> **THE DATA**
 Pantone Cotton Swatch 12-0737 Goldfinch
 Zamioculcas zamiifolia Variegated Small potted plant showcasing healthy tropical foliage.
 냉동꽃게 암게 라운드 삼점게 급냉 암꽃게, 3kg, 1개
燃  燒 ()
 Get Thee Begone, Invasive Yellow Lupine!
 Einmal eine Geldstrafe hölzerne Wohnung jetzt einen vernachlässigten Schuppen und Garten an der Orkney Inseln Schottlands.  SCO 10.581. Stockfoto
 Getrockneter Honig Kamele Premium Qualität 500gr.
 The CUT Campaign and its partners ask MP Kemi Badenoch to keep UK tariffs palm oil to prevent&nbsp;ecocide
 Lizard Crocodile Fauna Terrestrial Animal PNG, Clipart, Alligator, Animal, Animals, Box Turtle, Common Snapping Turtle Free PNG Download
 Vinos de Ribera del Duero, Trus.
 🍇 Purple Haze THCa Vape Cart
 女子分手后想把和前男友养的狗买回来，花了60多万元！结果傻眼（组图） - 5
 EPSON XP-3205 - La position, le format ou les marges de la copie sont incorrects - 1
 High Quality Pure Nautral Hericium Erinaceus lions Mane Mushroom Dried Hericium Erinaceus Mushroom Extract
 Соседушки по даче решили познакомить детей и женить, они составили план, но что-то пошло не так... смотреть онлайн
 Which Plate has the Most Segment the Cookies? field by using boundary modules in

> **WHAT NEEDS TO BE DONE**
An exact copy of the data is needed.

> **RESPONSE TO THIS EXERCISE**
 Pantone Cotton Swatch 12-0737 Goldfinch
 Zamioculcas zamiifolia Variegated Small potted plant showcasing healthy tropical foliage.
 냉동꽃게 암게 라운드 삼점게 급냉 암꽃게, 3kg, 1개
燃  燒 ()
 Get Thee Begone, Invasive Yellow Lupine!
 Einmal eine Geldstrafe hölzerne Wohnung jetzt einen vernachlässigten Schuppen und Garten an der Orkney Inseln Schottlands.  SCO 10.581. Stockfoto
 Getrockneter Honig Kamele Premium Qualität 500gr.
 The CUT Campaign and its partners ask MP Kemi Badenoch to keep UK tariffs palm oil to prevent&nbsp;ecocide
 Lizard Crocodile Fauna Terrestrial Animal PNG, Clipart, Alligator, Animal, Animals, Box Turtle, Common Snapping Turtle Free PNG Download
 Vinos de Ribera del Duero, Trus.
 🍇 Purple Haze THCa Vape Cart
 女子分手后想把和前男友养的狗买回来，花了60多万元！结果傻眼（组图） - 5
 EPSON XP-3205 - La position, le format ou les marges de la copie sont incorrects - 1
 High Quality Pure Nautral Hericium Erinaceus lions Mane Mushroom Dried Hericium Erinaceus Mushroom Extract
 Соседушки по даче решили познакомить детей и женить, они составили план, но что-то пошло не так... смотреть онлайн
 Which Plate has the Most Segment the Cookies? field by using boundary modules in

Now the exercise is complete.